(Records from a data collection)

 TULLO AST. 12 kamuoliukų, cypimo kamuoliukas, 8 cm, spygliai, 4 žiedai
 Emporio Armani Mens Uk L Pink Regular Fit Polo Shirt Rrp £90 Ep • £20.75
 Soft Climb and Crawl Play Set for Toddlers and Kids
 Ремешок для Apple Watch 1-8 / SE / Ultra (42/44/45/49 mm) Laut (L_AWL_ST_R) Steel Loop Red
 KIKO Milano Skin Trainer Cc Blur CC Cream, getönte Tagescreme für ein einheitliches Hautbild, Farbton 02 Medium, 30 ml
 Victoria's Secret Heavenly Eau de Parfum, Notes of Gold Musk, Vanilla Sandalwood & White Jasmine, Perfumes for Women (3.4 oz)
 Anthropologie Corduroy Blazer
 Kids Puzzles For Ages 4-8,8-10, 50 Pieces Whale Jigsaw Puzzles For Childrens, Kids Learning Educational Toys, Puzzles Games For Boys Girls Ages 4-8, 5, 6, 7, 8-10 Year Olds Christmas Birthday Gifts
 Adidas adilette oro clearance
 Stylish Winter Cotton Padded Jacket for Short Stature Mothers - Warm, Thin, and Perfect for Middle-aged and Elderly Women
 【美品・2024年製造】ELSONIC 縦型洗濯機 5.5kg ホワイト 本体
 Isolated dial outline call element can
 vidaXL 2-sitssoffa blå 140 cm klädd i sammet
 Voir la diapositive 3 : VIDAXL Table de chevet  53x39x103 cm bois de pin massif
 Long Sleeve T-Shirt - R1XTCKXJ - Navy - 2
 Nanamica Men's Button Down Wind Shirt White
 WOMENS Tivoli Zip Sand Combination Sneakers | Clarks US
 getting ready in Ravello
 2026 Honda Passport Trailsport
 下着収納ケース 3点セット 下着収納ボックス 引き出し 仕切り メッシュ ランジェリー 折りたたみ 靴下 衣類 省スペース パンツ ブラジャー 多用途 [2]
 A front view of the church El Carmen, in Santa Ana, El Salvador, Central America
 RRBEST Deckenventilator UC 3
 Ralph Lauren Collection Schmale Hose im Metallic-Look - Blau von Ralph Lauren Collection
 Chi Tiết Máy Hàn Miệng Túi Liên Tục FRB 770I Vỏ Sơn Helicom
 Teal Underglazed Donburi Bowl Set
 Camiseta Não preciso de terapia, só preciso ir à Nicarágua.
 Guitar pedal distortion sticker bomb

• Problem requirements: Retype every line up to and including the one that contains "KIKO Milano Skin", beginning at the first line of the records, with no edits.

• Worked solution:
 TULLO AST. 12 kamuoliukų, cypimo kamuoliukas, 8 cm, spygliai, 4 žiedai
 Emporio Armani Mens Uk L Pink Regular Fit Polo Shirt Rrp £90 Ep • £20.75
 Soft Climb and Crawl Play Set for Toddlers and Kids
 Ремешок для Apple Watch 1-8 / SE / Ultra (42/44/45/49 mm) Laut (L_AWL_ST_R) Steel Loop Red
 KIKO Milano Skin Trainer Cc Blur CC Cream, getönte Tagescreme für ein einheitliches Hautbild, Farbton 02 Medium, 30 ml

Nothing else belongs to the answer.